Rasanya hampa setelah menerima penolakan Pandu beberapa waktu lalu. Berulang kali Anya mencoba melupakan, tapi nihil. Patah hati pertamanya terlalu besar untuk bisa ia tangani segera. Ia biarkan saja sepi menelan sisa liburannya.

Setelah perkuliahan dimulai barulah Anya mengangkat topeng dan menyembunyikan wajah sedihnya. Ia kembali pada rutinitasnya sebagai mahasiswa. Tak ada yang berbeda selain eksistensi Pandu yang coba ia enyahkan dari otak dan hatinya.

Anya menyibukkan diri dengan mendaftar panitia ospek, dan menyusun beberapa rencana untuk ke depannya. Yang jelas nama Pandu tak lagi ada dalam rencana itu.

Anya sedang dalam misi move on karena Pandu sudah menegaskan kalau selamanya Anya hanya akan menjadi seorang adik, artinya percuma saja jika Anya keras kepala mempertahankan perasaannya. Ia tidak mau membebani Pandu dengan keegoisannya.

Anya benar-benar sudah menyerah.

“Ternyata cuma mitos.” Anya bergumam sembari mengangkat bangau kertas yang baru dibuatnya dari lembaran kertas foto copy-an.

“Apanya yang mitos?” Sanan menyahut dari samping.

Mereka saat ini sedang berada di koridor lantai tiga, menunggu ruangan kosong untuk mata kuliah selanjutnya.

“Mitos bangau kertas. Katanya kalau kita bikin seribu bangau harapan kita bakal kekabul, nyatanya nggak.”

“Bangau kertasmu udah selesai?”

“Udah.”

“Dan hasilnya gagal?”

“Iya.”

Sanan diam sejenak, memperhatikan dedaunan yang berjatuhan diterpa angin. Dan hilir mudik orang-orang di bawah sana.

Meski Anya tak bercerita apa-apa, tapi Sanan tahu kalau gadis itu sedang bersedih. Sejak semester baru dimulai rasanya senyum Anya berbeda dari sebelumnya. Senyumnya seperti kehilangan warna.

“Mungkin kamu harus mengganti harapannya.”

Anya menoleh dengan raut bingung. Jawaban Sanan diluar perkiraannya.

“Bukannya manusia biasanya punya banyak harapan? Kalau harapanmu yang satu nggak kekabul, kamu bisa menggantinya dengan harapan yang lain.”
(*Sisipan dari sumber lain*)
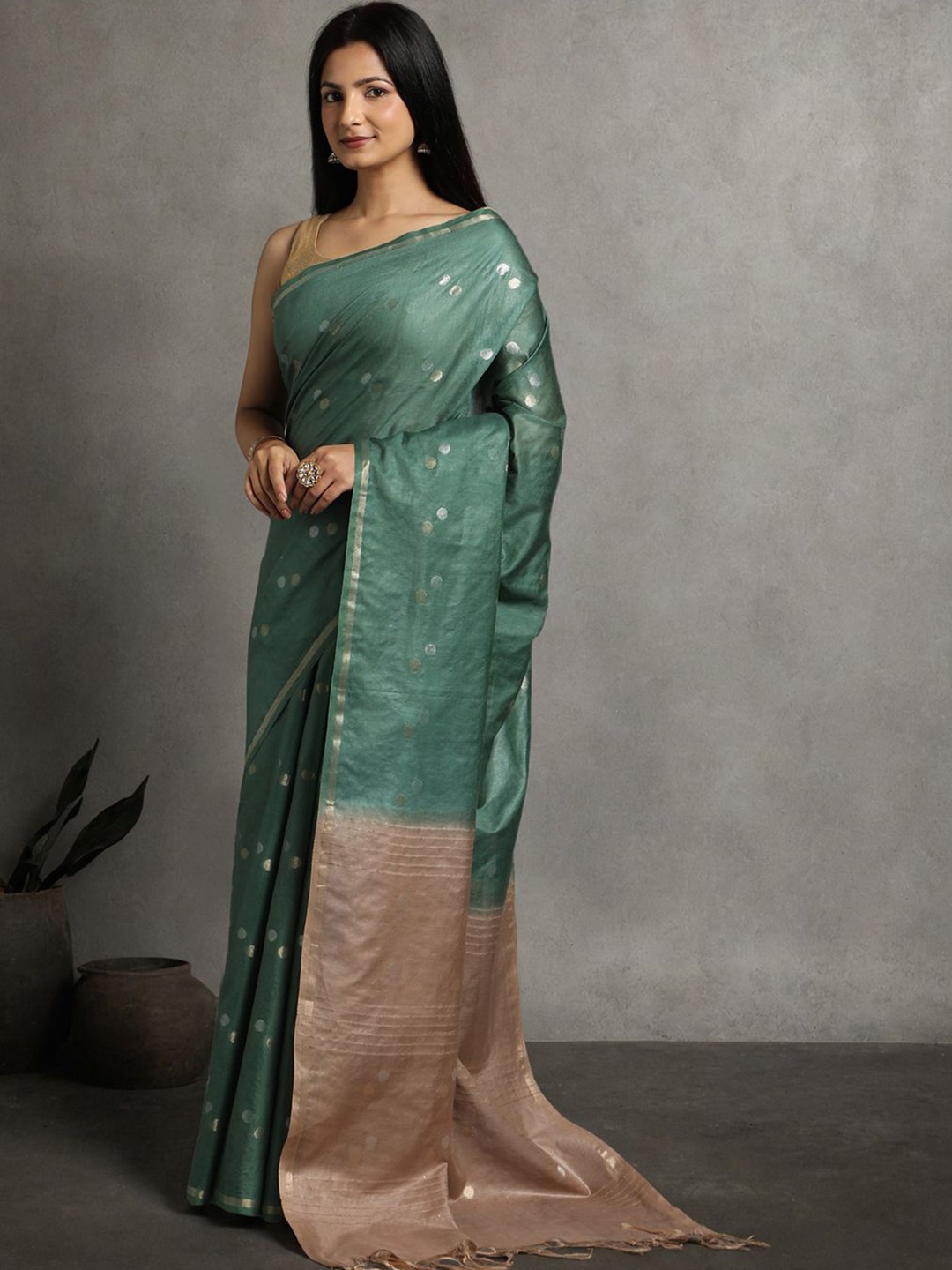 

Suha Woven Design Zari Art Silk Bhagalpuri Saree, Green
“Gitu ya?” Tatapan Anya menerawang jauh ke lapangan. Perkataan Sanan terserap di kepalanya. Kalau memang Anya bisa membuat harapan baru ... Anya hanya ingin hatinya pulih dan ia diberikan keberanian untuk menghadapi Pandu tanpa harus terbayang-bayang sakit hati.
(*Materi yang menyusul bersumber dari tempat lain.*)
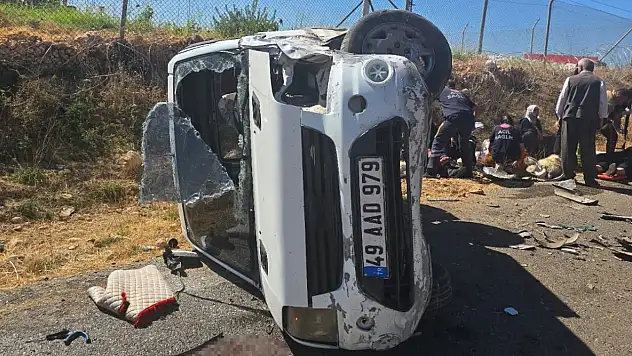 Kamyonet ile otomobil çarpıştı: 8 yaralı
“Gak ada jaminan semua harapan akan terkabul, tapi pasti ada salah satunya yang jadi kenyataan kalau itu memang yang terbaik untuk kita.”

“Benar juga.” Anya menarik napas dalam-dalam. “Lagian dari awal harusnya aku berdoa aja sama Tuhan, bukannya malah bikin seribu bangau. Berguna nggak, capek iya.” Anya menertawakan kebodohannya sendiri.
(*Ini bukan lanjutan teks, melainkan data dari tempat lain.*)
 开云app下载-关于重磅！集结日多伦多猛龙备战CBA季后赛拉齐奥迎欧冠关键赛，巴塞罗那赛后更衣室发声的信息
“Ada orang yang menggantungkan harapannya pada bintang jatuh, ada yang memohon sama gerhana bulan, padahal kita sendiri tahu kalau benda-benda itu nggak akan bisa mengabulkan apapun. Jadi gapapa. Kamu cuma mempercayai salah satu mitos yang ada, semua orang pernah melakulannya. Aku juga waktu kecil percaya kalau kita teriak minta sesuatu sama pesawat yang lewat di atas, pesawat itu bakal mengabulkannya. Nyatanya sesering apapun aku teriak minta uang, sama sekali nggak ada yang ngelemparin uang dari atas sana.”

Anya tak pernah mengharapkan penghiburan, tapi perkataan Sanan cukup menghibur hatinya. Ia mengulum senyum, perasaannya seketika menghangat.

“Kalau kamu butuh hiasan bangau kertas, kamu bisa minta ke aku. Aku punya banyak,” seloroh Anya. Hatinya sudah jauh lebih ringan berkat Sanan. Warna dalam senyumnya perlahan mulai kembali.